Monday, May 16, 2016

Place Setting--not just for tables, anymore

I'm recycling a blog post from some time ago about setting. This week and the next are going to be totally insane for me and because I'm committed to Tuesdays here, I need something in this space.

(This blog is cobbled from notes I took years ago at a writer’s conference, and I’m sorry I don’t remember and didn’t note who gave this talk.)

Setting…yeah, that place where your story/novel takes place. The millionaire’s mansion, the wide open spaces of that western novel, the cramped quarters of a compact car your heroine steals to get away from the villain…setting is just as important to your story as are the main characters. The goal of description is to create a well-designed set that provides the perfect background for your characters. Without the details of setting, you’re condemning your readers to wander around an empty stage, trying to figure out where they’re at. Too much description though, especially in large chunks, and you’re risking what I once heard described as “the tombstone effect”—large blocks of description that are just so much grey material the reader will skim (and sometimes skip) looking for action.

So, how do you reveal setting without etching it in that tombstone?

Setting is revealed through motion. Put your character into a place she isn’t familiar. Let’s pretend she’s a girl of humble origins and she’s just landed the job of a lifetime—nanny to a widowed multimillionaire’s kids. Now, have her walk through that rich dude’s home on her first day on the job. Which details would she notice immediately? The softness of the Persian rug underfoot? The paintings on the wall? How do those paintings make her feel? Can she tell the difference between a Monet or a Picasso? Does she sink into the leather couch? Can she smell the leather? Use active verbs as she makes her way through this place. Instead of explaining/telling that the chandelier glittered and danced in the light, make her blink because of the display. Instead of telling your reader that there’s a heavy, HUGE marble table in the room, make her detour around it. And, we can’t forget the kids…are they happy there is someone new there? Or, perhaps looking at her as if she’s just one in a long string of many who have come and gone. Make sure it’s your character that’s doing all the action—not the setting.

A character’s level of experience reveals setting. Different characters perceive the same surroundings in very different ways, based on each character’s familiarity/lack of such with the setting. Let’s take our girl of humble origins above and our rich widower and put them somewhere else. Let’s suppose our rich widower lives in a secluded home high on a cliff overlooking the ocean and the only way to get there is to walk across a rugged, boulder-strewn beach. She’s shivering and bundled to the teeth but the wind is still cutting through her wool wrap while the rich widower beside her is wearing only a cable-knit sweater and doesn’t seem to be affected by the damp, cutting cold in the least. She tripping and falling over half-buried pieces of driftwood in the damp sand and is utterly certain that her shoes will be completely ruined by the time they reach his home. She’s pretty sure that the wind, the dark clouds, and the waves pounding the shoreline mean a major storm is brewing. The stench of rotting seaweed and dead fish makes her nauseous. However, she sees the incredible beauty in this wind and water carved fantastic landscape, while he just sees another barrier to keep people out of his life. (Good grief, I think I just came up with a clichéd Gothic novel…) Familiarity doesn’t always imply good.

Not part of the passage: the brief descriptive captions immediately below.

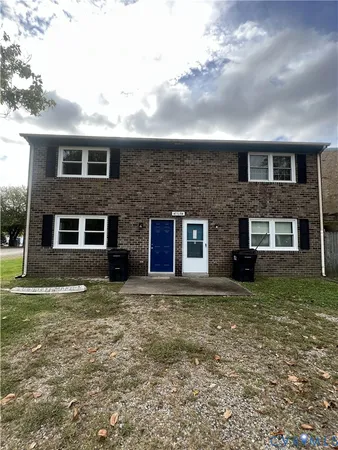 a view of a brick house next to a yard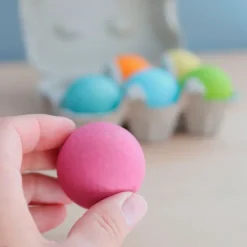 Bolas de madera colores pastel en huevera (6) - Grimm's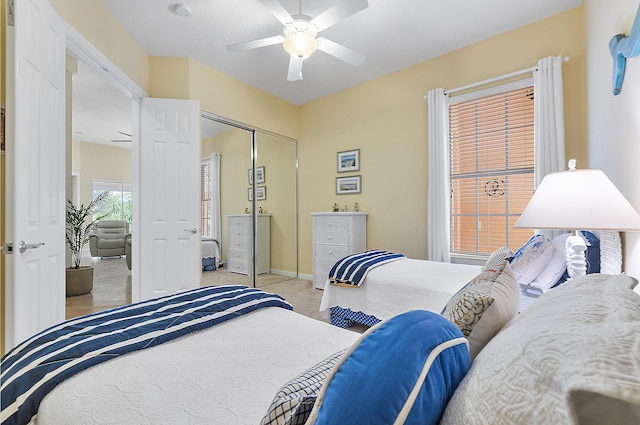 carpeted bedroom with ceiling fan and a closet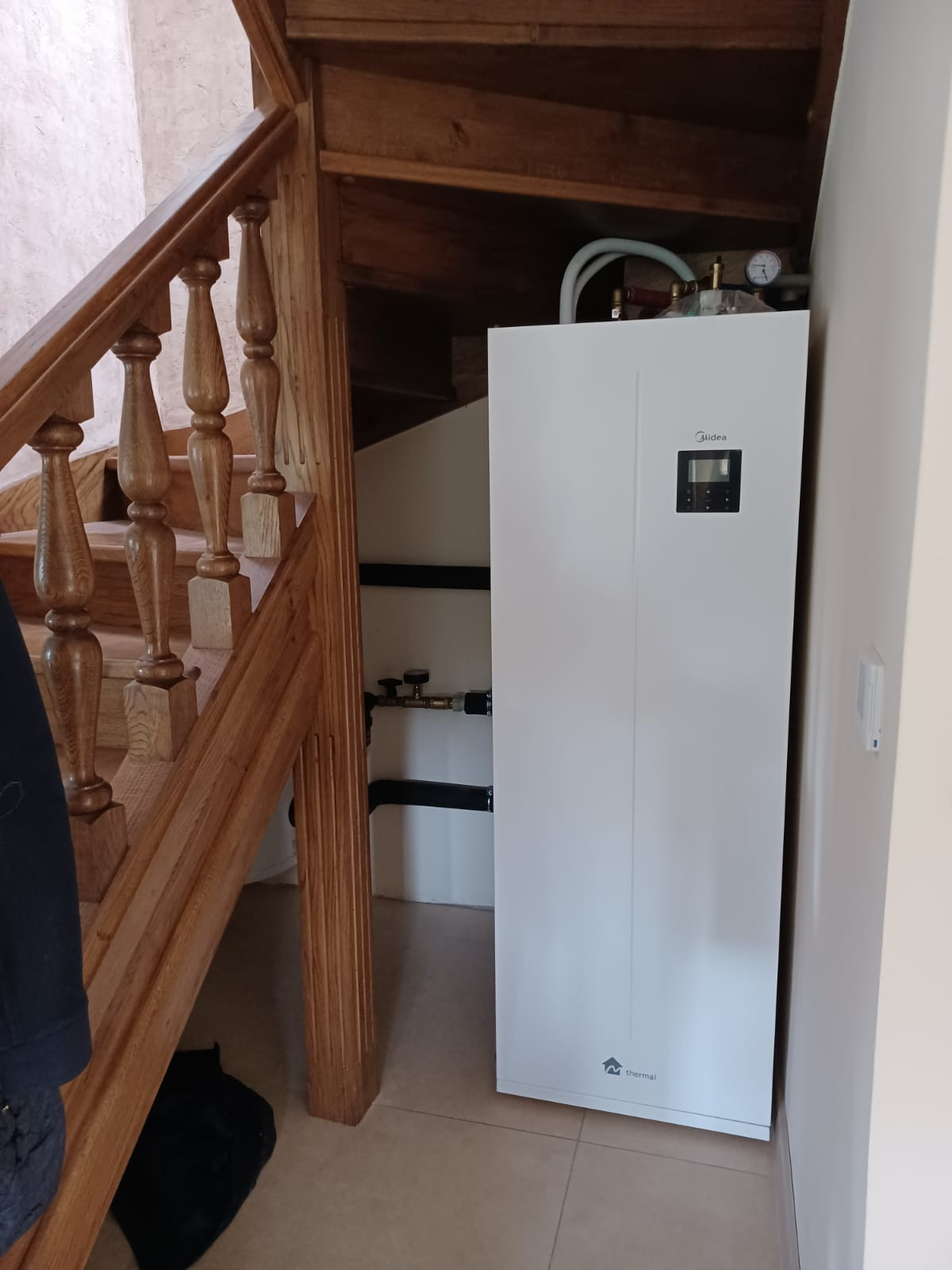 Biała pompa ciepła Midea Thermal zainstalowana w rogu pomieszczenia przy drewnianych schodach z balustradą, widoczne rury i manometr na górze urządzenia.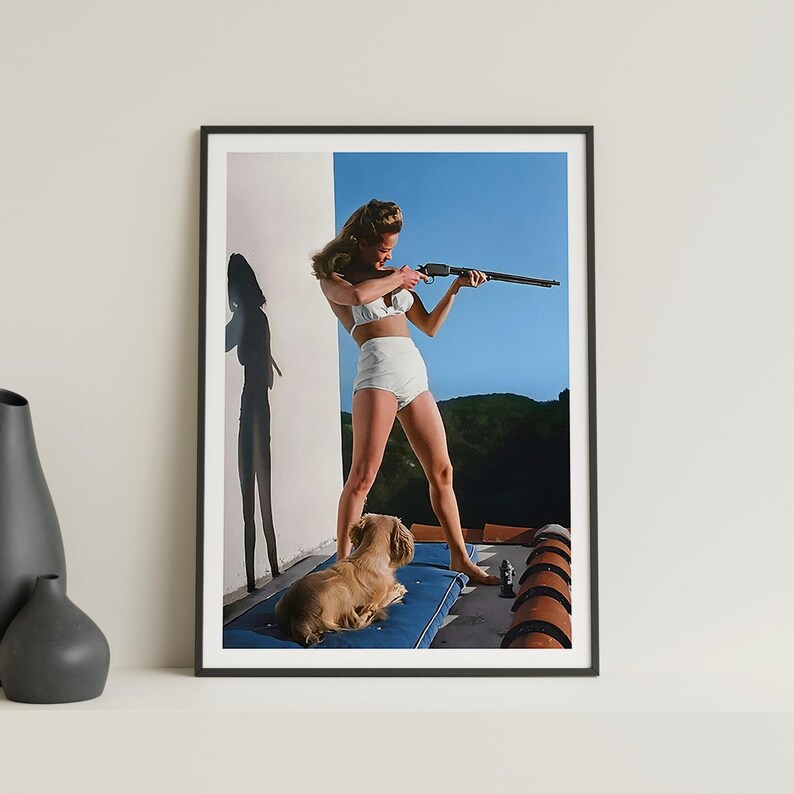 May include: A woman in a white bikini holds a rifle and aims it towards the right side of the frame. She is standing on a patio with a small dog lying on a blue cushion. The background is a blue sky with some trees in the distance.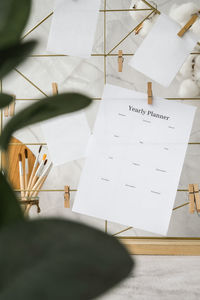 High angle view of paper hanging on table at home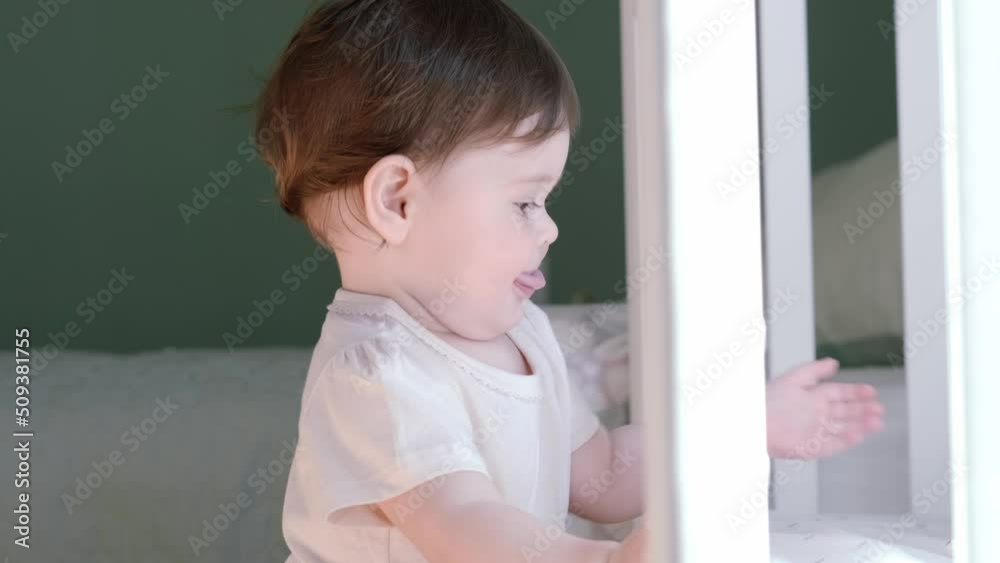 Portrait of curious child at home, Little caucasian baby girl looks into camera, Happy childhood, games at home. Portrait of curious child at home, Little caucasian baby girl looks into camera, Happy childhood, games at home.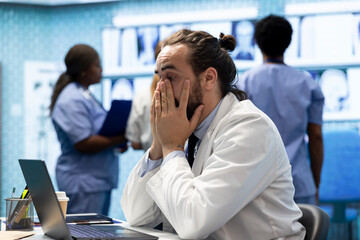 Frustrated and worried medic reading the diagnosis on test results, working under pressure to find...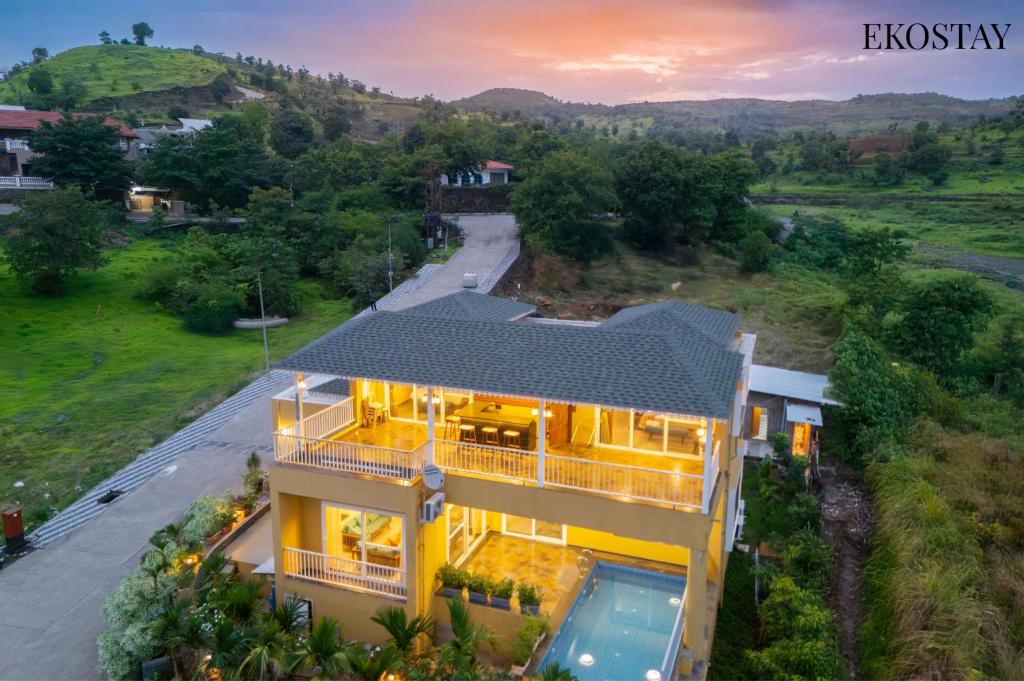 an overhead view of a house with a sunset at EKOSTAY - Casa Den in Igatpuri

Use your character’s mood to establish setting (and to set the mood with your reader).  Let’s go back to our poor heroine trudging along that beach and take out the rich widower. From her vantage point on the beach she can determine that she’s halfway between her car on the shoulder of the road and the imposing house on the cliff. As she walks along the beach, different sea birds wheel overhead. The wind off the water is invigorating, and scented with the tang of salt. The surf pounding into the massive boulders jutting into the water and along the shoreline booms as it slaps the weathered and intricately carved black rock. She laughs at herself as she trips over a partially buried large piece of driftwood. Pleasant, isn’t it? She’s on her way to a new job and this colors everything she looks at.

Now, let’s change her mood. She’s still halfway between her car and the house, but her car is broken down. She’s got no way to call the owner of the massive, bleak looking house that looms over the cliff side. The wind is biting, hurling sea spray and sand into her face. The birds overhead shriek as black clouds encroach on this stretch of beach and she can smell the rain that is imminent. Falling to her knees when she trips over what is suspiciously reminiscent of a sailing ship’s prow buried by the relentless wind piling sand against it, the black rocks rounded by eons of wind, surf, and sand appear to be grave markers, noting the loss of life that has happened so often on this bleak, wind-swept, and unforgiving stretch of shore. Your character’s mood will determine how the setting is described.

The five senses reveal setting. Different senses evoke different reactions. Visual information is processed primarily at the cognitive level. In other words, when our character reveals the scene in terms of visual input, our readers will usually react at an intellectual level. Sound, smell, and touch all evoke sensory responses and emotion. Smell has been determined to have the strongest attachment to memory. Touch gets romance writers a whole lot more mileage than sound. Taste is the toughest to incorporate into writing, but it can be done. Show your reader what your characters are seeing, hearing, smelling, and touching and you will establish the setting without reading like a travel-brochure.